The quest for communication with extraterrestrial intelligences teaches us more about human culture than we are likely to learn from putative aliens. Inquiry into alien communication leads inevitably to speculations about such communications as presented in plays, films, sound works and video games.
Alien movies
The composer John Williams has scored several films about aliens. Notably, he evoked alien communication in the 5-note sequence (D E C C G) in the film Close Encounters of the Third Kind. The second C is an octave below the first. The sequence is usually written in the key of C major, i.e. made up of white notes on a piano keyboard. The 5 notes in the sequence also belong to the keys of F major and G major, which are adjacent on the circle of fifths. That ambiguity, and in particular the relationship with G major, positions the sequence within a particular note order known as the Lydian scale. In the Lydian scale the fourth note in the C major scale is raised by a semitone. If you insert an F# somewhere in the 5-note sequence then it sounds even more Lydian, and it seems to fit the mood of the film sequence.
There’s a lot of information online and in YouTube clips about the Lydian mode. According to composers such as Rick Beato, the mode is a useful way for filmmakers to signal in an optimistic and upbeat way that something mysterious and important is happening. An unscientific survey of blogs and YouTube clips, whether rock, jazz, Latin or classical, deliver terms such as “ethereal,” “dreamy,” “heroic,” “hopeful,” and “other worldly” to describe the Lydian mode.
What’s a mode?
The Lydian sequence is a musical “mode,” one of seven in the modern Western tradition. The sequence of black dots in the following are notes on the Western 12 note scale, ascending in pitch.

The spacing is uneven: a sequence of full tone spaces interspersed with half tones. The dots in the sequence are the white notes on the piano, with the first and last dot as the note C. The pattern repeats across the keyboard.
If you start the pattern on the second dot instead of the first then you get a different sequence.
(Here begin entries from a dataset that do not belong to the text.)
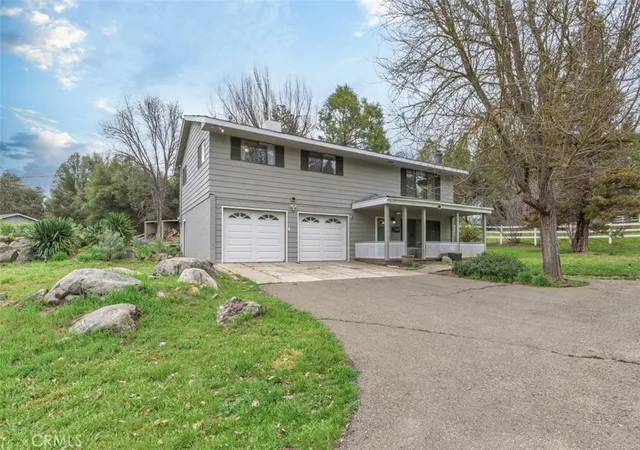3rd image of 45221 Big Oak Ln, Oakhurst, CA 93644 | MLS# FR26129434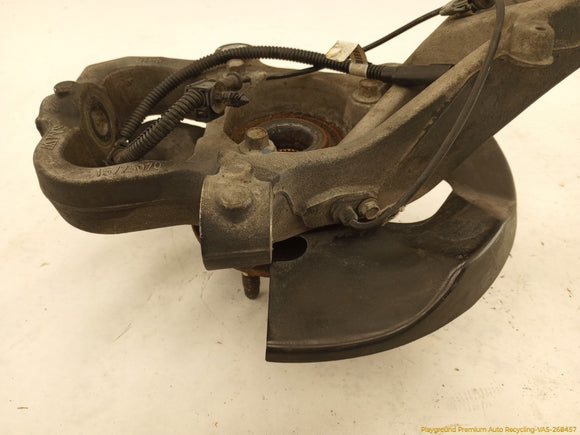 Cadillac CTS Passenger Right Front Spindle Knuckle Hub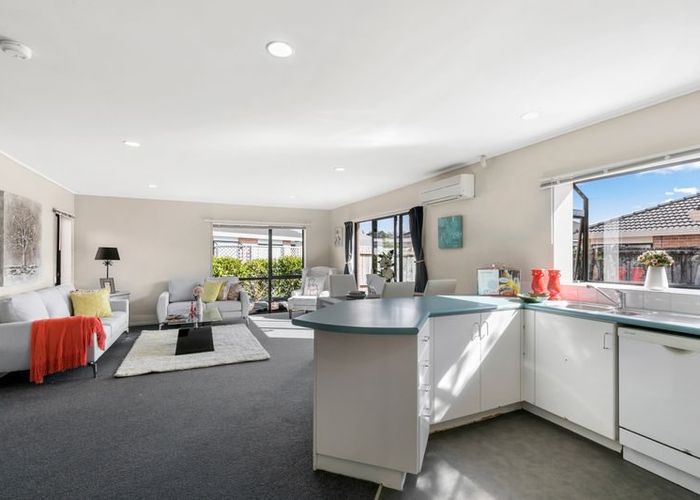  at 90F Ballarat Street, Ellerslie, Auckland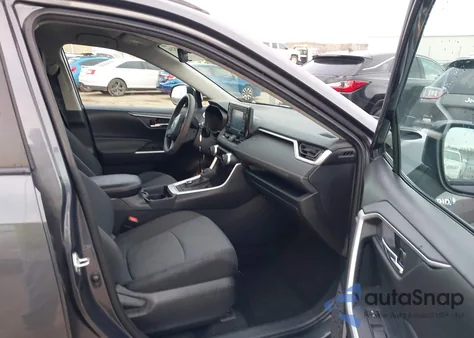 2020 Toyota Rav4 Hybrid Xle z USA, uszkodzony, nr VIN 2T3RWRFV7LW098019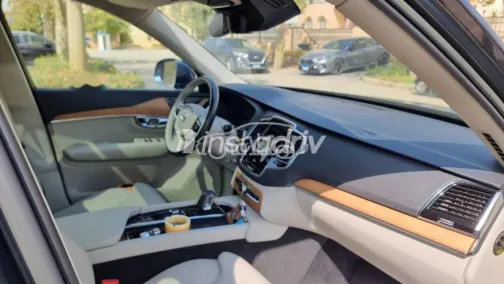 فولفو اى اكس 90 2022 أزرق غامق مستعملة للبيع - 2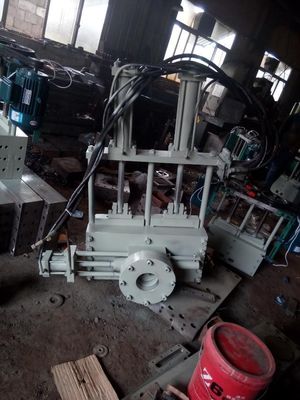 Ein guter Preis. Pp./PET aufbereitete Film-Plastikkörnchen Maschine, Flasche blättert ab, Extruder aufbereitend Online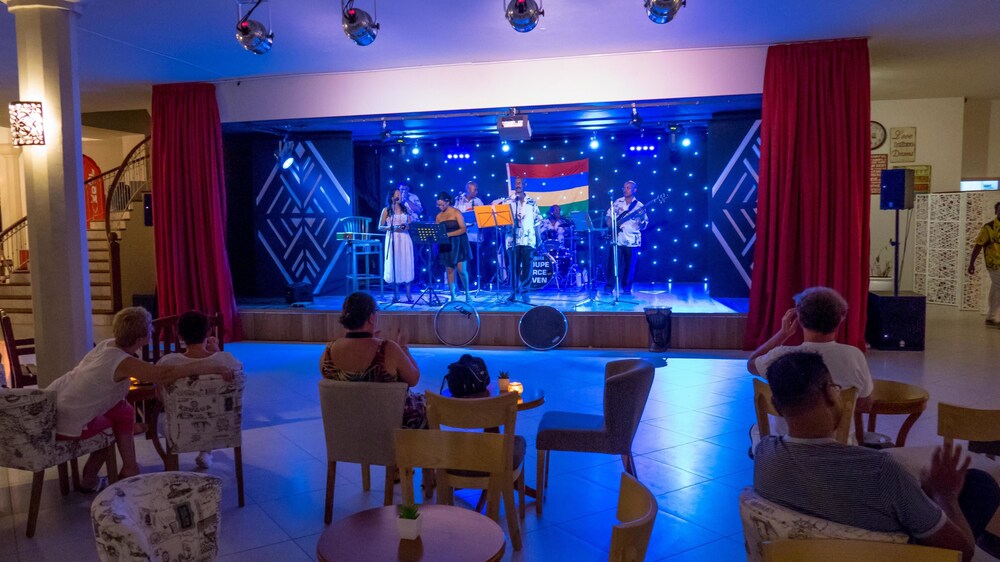 Theater Show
The Western musical tradition deploys 7 such sequences, each a displacement of the one that precedes it.

These modes have names: Ionian, Dorian, Phrygian, Lydian, Myxolydian, Aeolian and Locrian. The Ionian and the Aeolian are the major and minor scales respectively. The others sound more exotic and less “resolved.”
If I pull the patterns back to the same starting position (the tonic/key note) then we have different modes from the same starting note.

You can apply the pattern to any starting notes, but if the initial key note is C that produces the following note sequences.

Modes and moods
There’s an interesting article by Ramos et al that tests the usual assumptions about these modes and equates them with basic emotional states: sad, happy, uplifting, etc. The correspondence seems to work for most listeners.
“in the Lydian mode, the pitch interval between the reference tone ([…]) and the 4th tone ([…]) is a very dissonant interval of six semitones. This interval (augmented 4th) was referred to in the past as the ‘diabolus in musica’, suggesting that it has a very specific ‘diabolic’ emotional effect” (167).
It’s the Lydian that seems to meet the requirements for the representation of uplifting alien encounters, and Beato refers to Yoda’s theme in Star Wars and other cinematic moments. A tune can shift in and out of the various modes. It’s subtle, but a sharpened fourth makes a lot of difference.
The modes derive their names from ancient Greek regions, and Lydia had its own architectural character, but there is no correspondence between the places so named and the modes. On the other hand, modes are part of the affective context of spatial experience. See posts tagged mood.
Reference
- Beato, Rick. 2020. The Lydian Mode | Why Film Composers and Rock Guitarists Love This Sound. YouTube, 5 January. Available online: https://www.youtube.com/watch?v=O4IJnSTS84A (accessed 10 September 2021).
- Ramos, D., J.L.O. Bueno, and E. Bigand. 2011. Manipulating Greek musical modes and tempo affects perceived musical emotion in musicians and nonmusicians. The Brazilian Journal of Medical and Biological Research, (44) 2, 165-172.
- Schneller, Tom. 2014. Sweet Fulfillment: Allusion and Teleological Genesis in John Williams’s “Close Encounters of the Third Kind”. The Musical Quarterly, (97) 1, 98-131.